Harford County officials are promising to continue working with residents upset about the plans to extend Cedarday Drive to Route 136, but have also made it clear the project is moving forward as planned.
At Tuesday's public meeting at Patterson Mill High School, public works and planning officials set up a traffic safety subcommittee to try to address residents' concerns about speeding and made themselves available for future concerns.
Many attendees, though, demanded to know why neither their county council representative, Mary Ann Lisanti, nor Harford County Executive David Craig was there.
Lisanti said Wednesday she felt it would have been "legislative interference" for her to be there, noting she nevertheless helped set up the meeting.

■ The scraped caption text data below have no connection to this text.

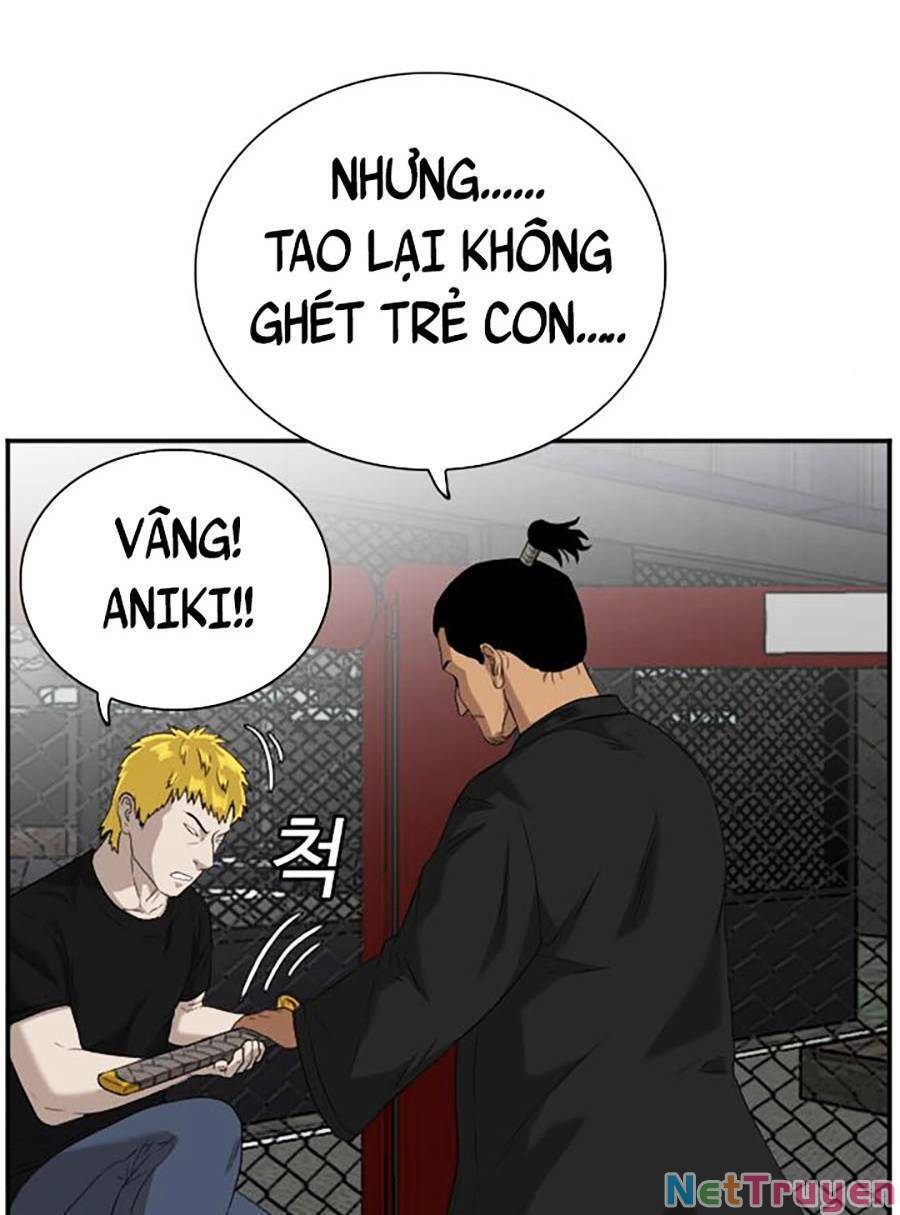 Người Xấu Chapter 99 - Trang 2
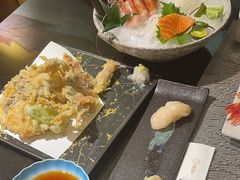 -昱匠·日本料理(金融街店)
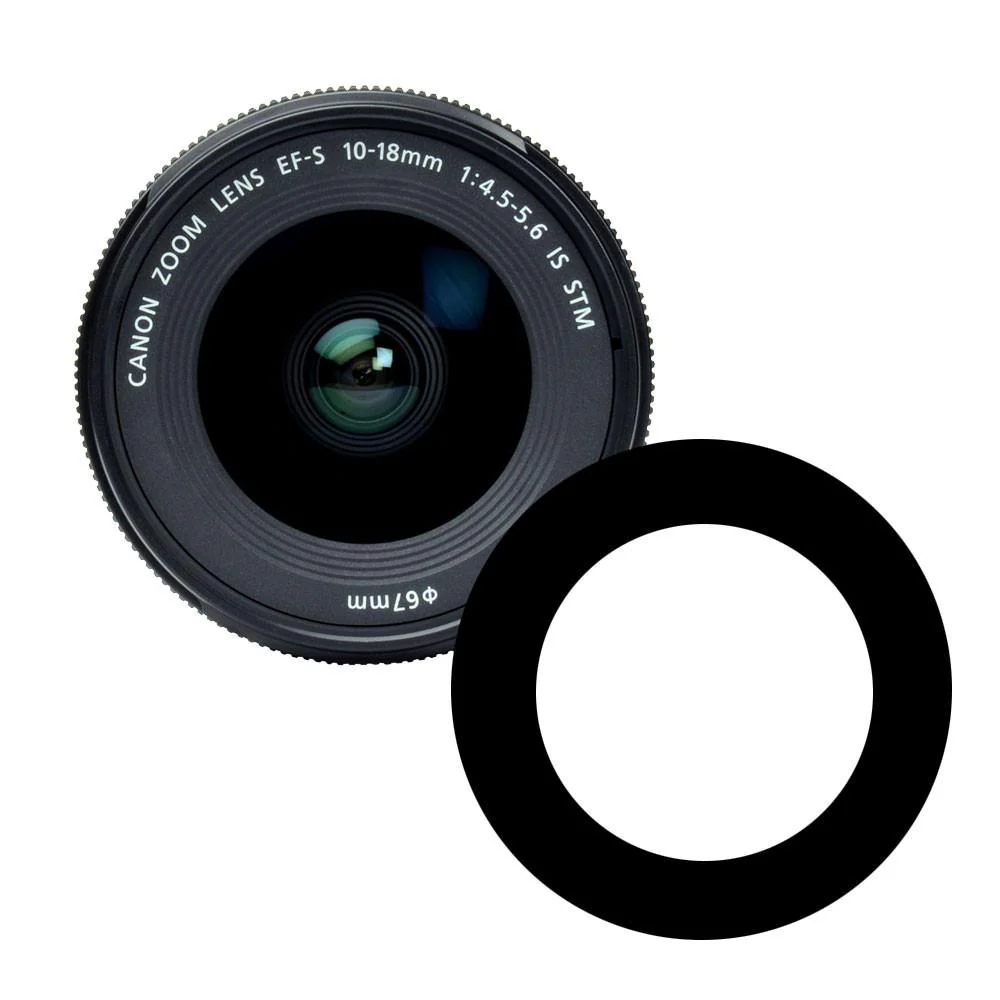 Ikelite Anti-Reflection Ring (Choose Lens) - Image 6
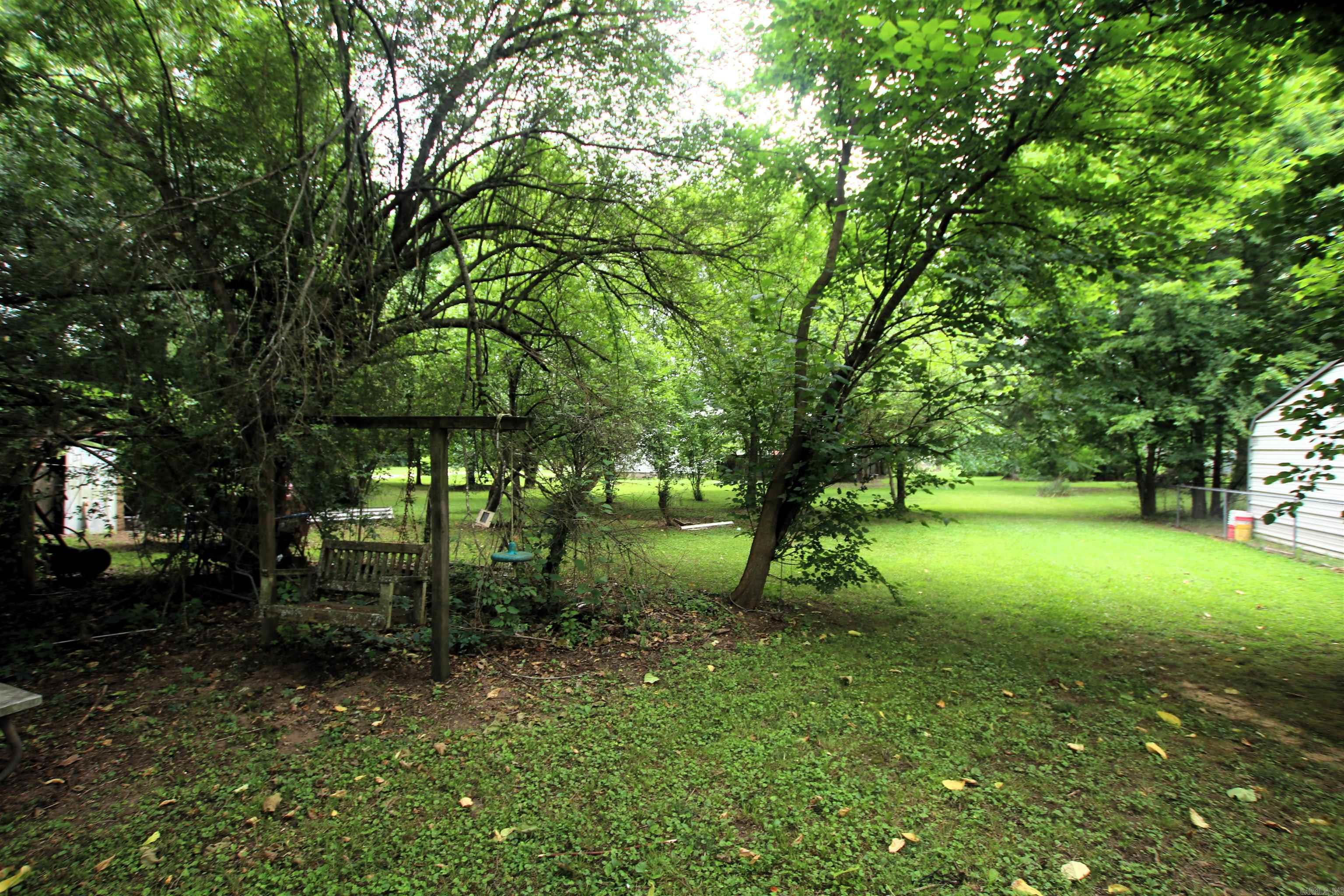 TOWN OF PLUMERVILLE (ORIGINAL) - Residential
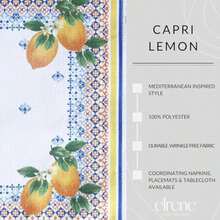 Tablecloths - Multicolor - View 3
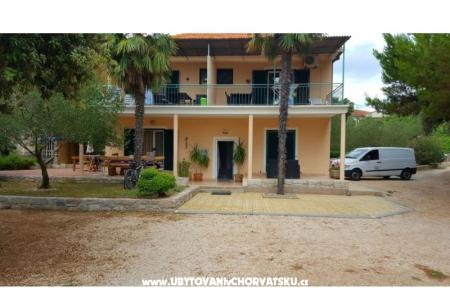 Apartmány Mara foto 5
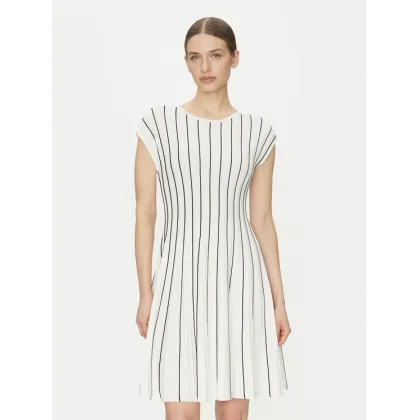 Zdjęcie DKNY Sukienka codzienna DD4J8E21 Beżowy Regular Fit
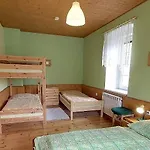 Chalupa Loucna Nad Desnou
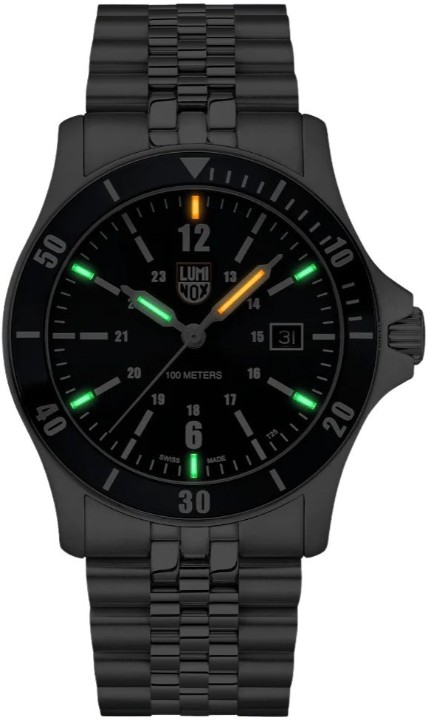 Obrázek Luminox Sport Timer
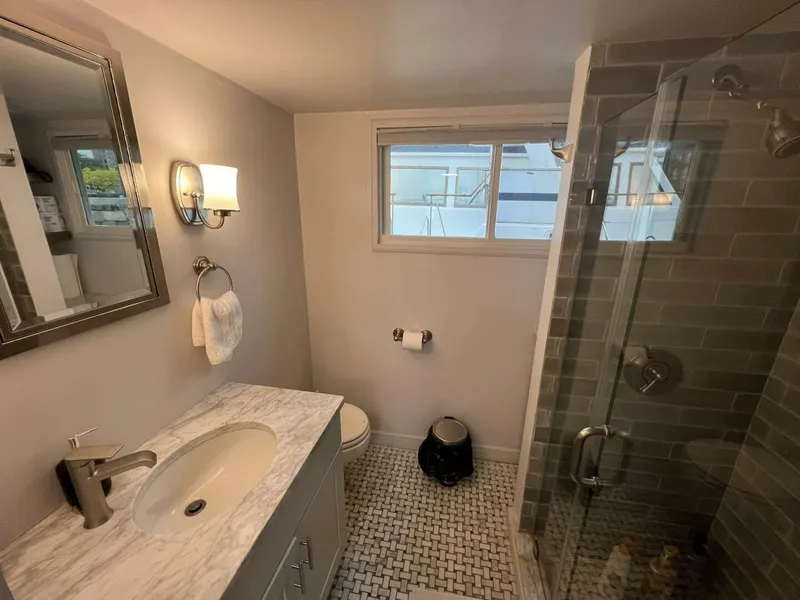 Slide: The Image of Sumerset Houseboat 1981 - 5628191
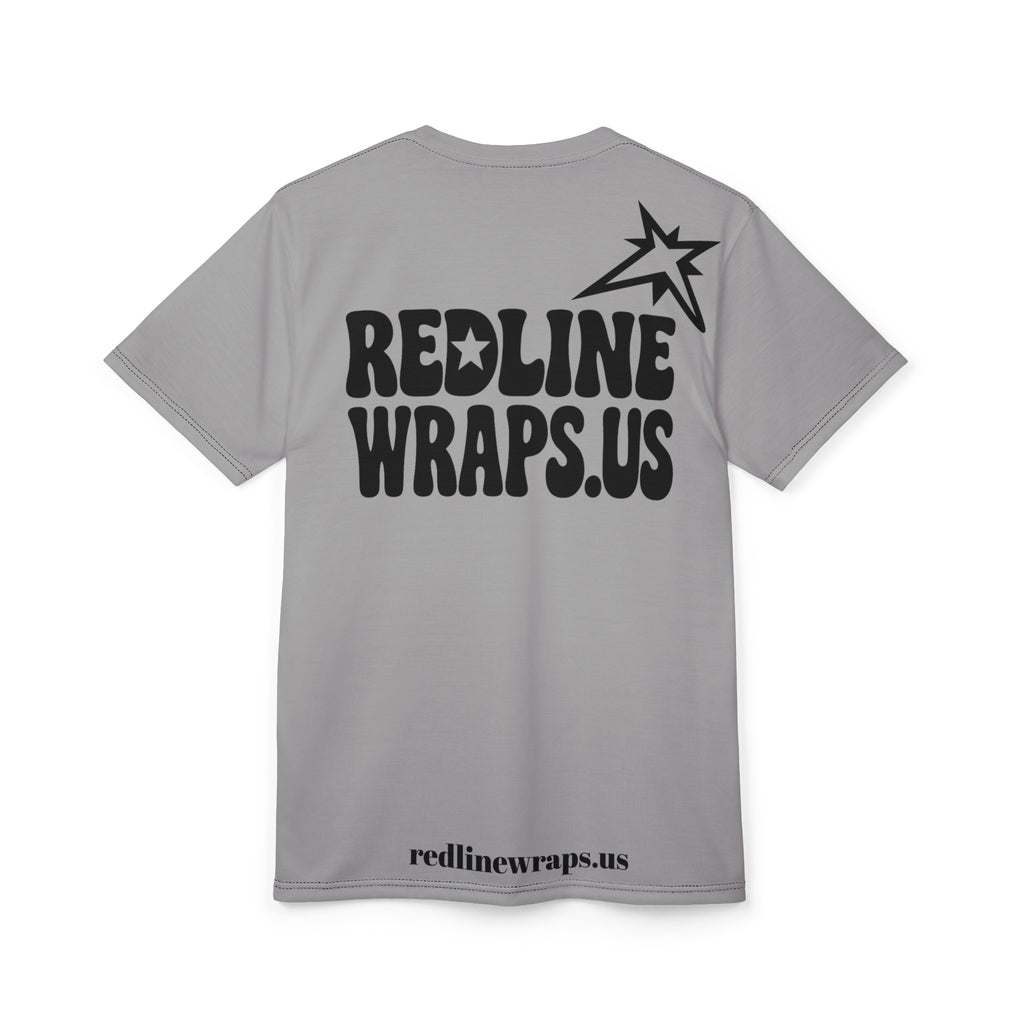 RLW 'STAR' Cotton Tee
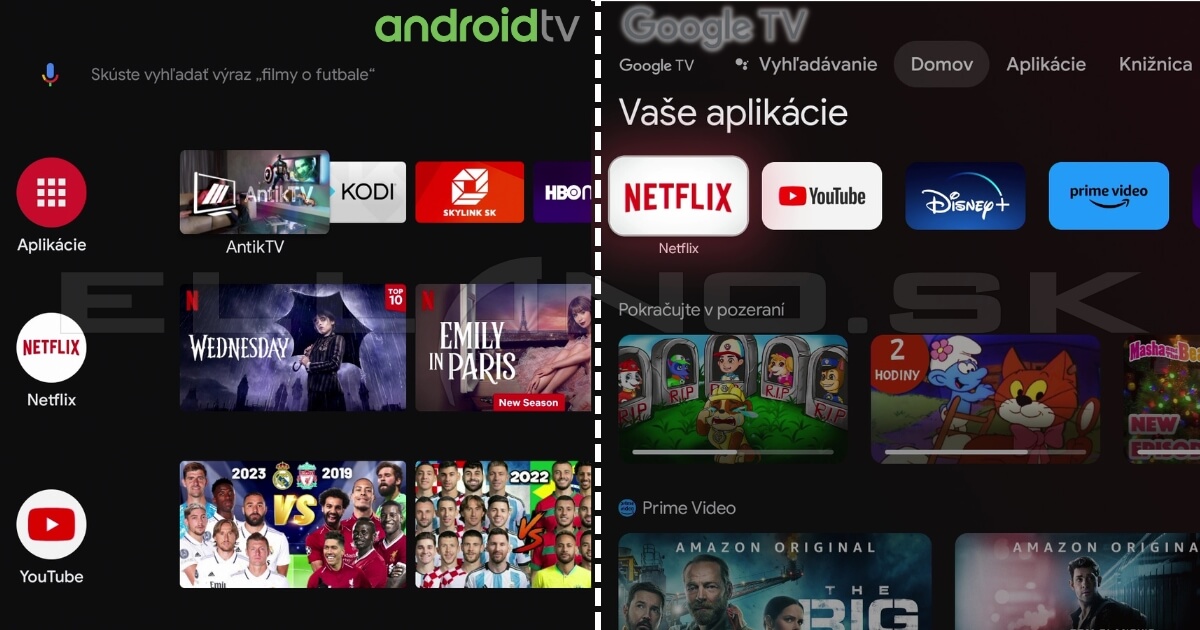 google tv vs android tv homescreen 7.jpg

"I have been working on this issue now going on 34 days. Since that time, what I promised everyone is that I would work with the administration and DPW to ensure the community's voice and concerns were heard and responded [to] by the appropriate authority," she said, explaining she did not promise to attend this meeting.
"Early on I said I would if I needed to be there, but as this evolved… I answered all their questions," she said. "I have been a conduit. I sent [the questions] to DPW, and DPW has done two community mailings."
The extension project is definitely set to go through, and no other options are feasible, Lisanti said.
"Residents have contacted me and said, 'Why can't you look at paving Cedar Lane?' and [Cedar Lane property owners] said unequivocally that they will not sell the right-of-ways," she said.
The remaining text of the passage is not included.